The heapq.nlargest function is used to select the 1000 words with the highest frequency (as determined by the word2count.get function) from the word2count dictionary. The resulting list of words is stored in the variable freq_words.

df['tokens'] = df['cleaned_text'].apply(nltk.word_tokenize)
df_x = []
for text in tqdm(df.iloc[:, -1]):
vec = [1 if word in text else 0 for word in freq_words]
vec = csr_matrix(vec)
df_x.append(vec)

This code loops through each text in a dataframe and creates a vector for each text indicating the presence or absence of the most frequent words in the text. It uses the “csr_matrix” function to store these vectors in a sparse matrix format to save memory. The resulting matrix can be used as input data for a machine learning model.

Encoding numeric values to the target variable

replace_map = {'negative': 0, 'positive': 1, 'litigious': 2, 'uncertainty': 3}
df_y = df['Label'].map(replace_map)

Splitting the data and training it on the Naive Bayes model.

x_train, x_test, y_train, y_test = train_test_split(df_x,df_y,
test_size = 0.25,
random_state = 0,
stratefy = df_y)
training_data = sp.vstack(x_train)
test_data = sp.vstack(x_test)

The code is transforming a list of sparse matrices into a single sparse matrix. The sp.vstack function from the scipy library is being used to vertically stack the sparse matrices in the x_train list into one large sparse matrix called training_data. The same process is being repeated for the x_test list to create a test_data sparse matrix. This step is often done to prepare the data for training or testing in a machine learning model.

# Fitting NB to the training set
# from sklearn.naive_bayes import GaussianNB
from sklearn.naive_bayes import ComplementNB
classifier = ComplementNB()
classifier.fit(training_data,y_train)

Complement Naive Bayes (ComplementNB) is a variant of the Naive Bayes algorithm that suits well for high-dimensional sparse data, which is commonly seen in text data, making it a good choice for text classification problems.

Making predictions and evaluating performance with the help of a confusion matrix:

y_pred = classifier.predict(test_data)

cm = confusion_matrix(y_test, y_pred)

from mlxtend.plotting import plot_confusion_matrix

fig, ax = plot_confusion_matrix(conf_mat=cm,
show_absolute=True,
show_normed=True,
colorbar=True,
figsize=(15, 15))
plt.show()
Confusion Matrix

This confusion matrix is a 4x4 matrix that shows the performance of a multi-class classification model. Each row of the matrix represents the instances in a predicted class, while each column represents the instances in an actual class. The diagonal elements represent the number of correctly classified instances for each class. In this matrix, the first row shows the number of instances that were correctly classified as belonging to the first (negative) class, and the first column shows the number of instances that actually belong to the first (negative) class. The other rows and columns follow the same pattern for the other classes (labels).

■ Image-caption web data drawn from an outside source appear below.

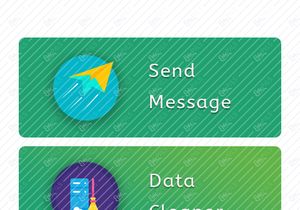 WhatsApp Status Saver App UI
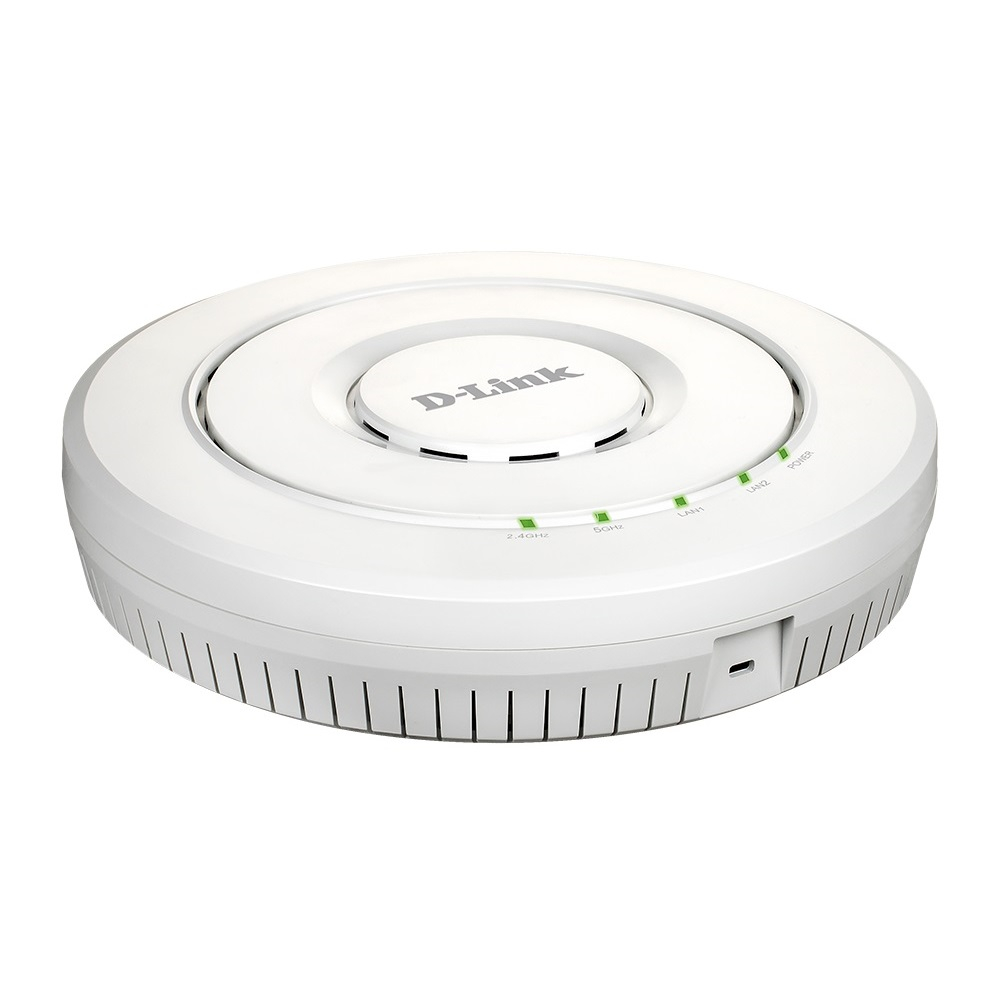 Точка доступа Wi-Fi D-Link DWL-X8630AP White (DWL-X8630AP/UN/A1A)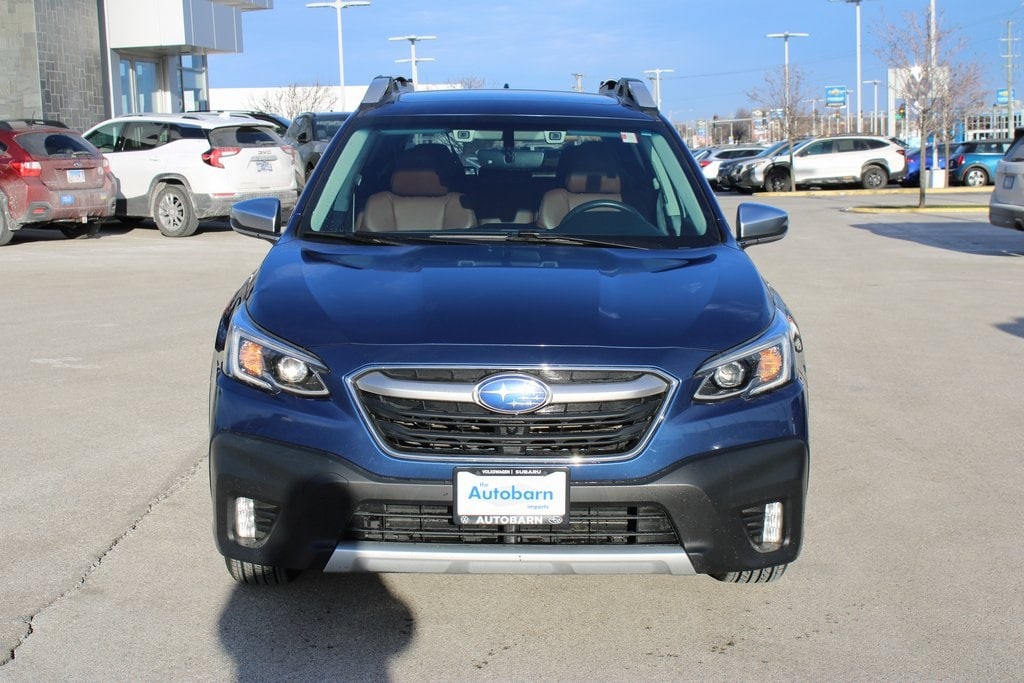 Used 2022 Subaru Outback Touring with VIN 4S4BTAPC2N3129333 for sale in Countryside, IL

For example, the element in the first row and second column (646) represents the number of instances that were actually in the second (postive) class, but were misclassified as belonging to the first (negative) class.

# Accuracy
print("Accuracy:",metrics.accuracy_score(y_test, y_pred))
# Accuracy: 0.904867383594817

The accuracy of 90% is a good accuracy when considering that we have only used a basic text processing technique and did not use any hyperparameters.

TF-IDF

TF-IDF stands for term frequency-inverse document frequency. It is a numerical statistic that is intended to reflect how important a word is to a document in a corpus. The TF-IDF value increases proportionally to the number of times a word appears in the document and is offset by the frequency of the word in the corpus, which helps to adjust for the fact that some words appear more frequently in general. It is often used as a weighting factor in information retrieval and text mining. The goal of using TF-IDF is to convert text documents into a set of numerical features that can be used in machine learning algorithms.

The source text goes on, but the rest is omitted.